If any other commenters want to write gargantuan, fact-packed comments that save us the trouble of composing a post, please do.

[Editorial from Che: In fact, if you want to write a fact-packed post like this for our site, we welcome them, we’d like this to be a community blog.]



  1. I have few facts (sorry) but was thinking about the ‘from scratch’ aspect. I have time to make most things from scratch as I am at home with little ones but they are time suckers and I do a little work from home too. I can’t imagine how it would be working full time and doing the same stuff, although I am probably soon to find out. One thing that did strike me is that its so much easier being frugal and making things from scratch if you have freinds doign the same.

    When I lived in Central Otago I used to do a lot of preseving, jam making, pickling and drying of stores. However I always used to do this with a neighbour which made it social and fun as well as being more practical. The thought of doing that all now on my own with a kitchen full of kids has basically stopped me in my tracks and I tend to just bung things in the freezer.

    We also used to swap produce round the neighbourhood if someone had an excess and as it was rural area any one going to town might bulk buy certain items etc. I used to have a computer business and often took food as payment. I love barter systems.

    To me frugality and ‘homemade’ is easier in a community and community of like-minded people is usually all good.

  2. Heh – yes it was a bit of a long post (subject dear to my heart, etc etc). Would be happy to post the occasional contribution. How do I go about it? Any ideas, suggestions?

  3. if you have good ideas for a post then let us know, we’ll send you a guest account (and moderate it if necessary!)

  4. Mello, can you clarify something further. I always though the survey was of what people in different income brackets actually spend. But when I looked at this years survey I thought it’s about what people ‘should’ spend in order to eat well. Which is it?

  5. Hi Weka – um kinda both but kinda neither actually. The whole study is about people eating ‘well’ – or perhaps the word should be ‘adequately’ (in relation to the recommendations of the MOH Food & Nutrition Guidelines – the food groups and serving(s) recommended in these ensures that a person following the guidelines will receive the quantities of macro- (protein, fat, carbohydrates) and micro-nutrients (vitamins/minerals) required for their body to function properly and good health to be maintained) The brochure summarising the adult guidelines can be downloaded off here (sorry I’m not so good at inserting links): http://www.healthed.govt.nz/resources/eatingforhealthyadultnewzealanders.aspx

    The study does not survey people of different income groups, rather it surveys each year how much the basic food constituents (the quantities they use for each population group are summarised in Table 1 of the info pack) will cost in each of the main centres, then breaks that down to a weekly amount for each sector of the population (people can then use these figures as guidance for budgeting if they so desire). They then work out the figures for moderate and liberal spending by adding a further 30% and 50% (30% + 20%) to the basic food costs.

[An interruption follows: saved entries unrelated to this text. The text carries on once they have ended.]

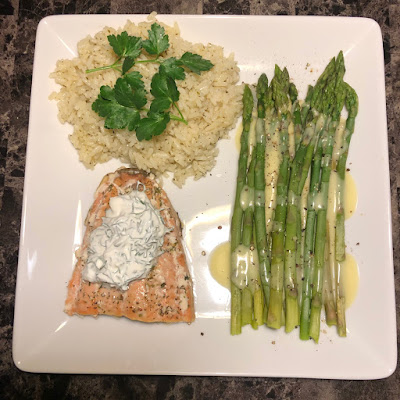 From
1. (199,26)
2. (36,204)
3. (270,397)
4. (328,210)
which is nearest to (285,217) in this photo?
(328,210)

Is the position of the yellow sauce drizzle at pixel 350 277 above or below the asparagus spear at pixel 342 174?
below

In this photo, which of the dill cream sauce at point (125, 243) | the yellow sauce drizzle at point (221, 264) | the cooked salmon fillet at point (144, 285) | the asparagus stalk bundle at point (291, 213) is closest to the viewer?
the dill cream sauce at point (125, 243)

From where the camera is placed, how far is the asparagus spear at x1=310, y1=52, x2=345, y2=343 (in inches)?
124

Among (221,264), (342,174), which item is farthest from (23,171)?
(342,174)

    The food shopping suggestions are just that – suggestions of the types of food you would be/ could be buying in order to keep to the budget of each of the income categories.

    Hope this clarifies things…

  6. The introduction to the info pack says it pretty well actually…
    “Most healthy families or individuals will meet their nutritional needs when spending the amount of
    money specified as the basic costs (Table 1). However, spending less than this amount increases the risk of not getting all the necessary nutrients.
    Many people will not lack energy or nutrients when spending less than this amount on food if they make careful management choices.
    However, the chances of consuming an inadequate diet increase as the amount spent to purchase food falls below the basic costs.”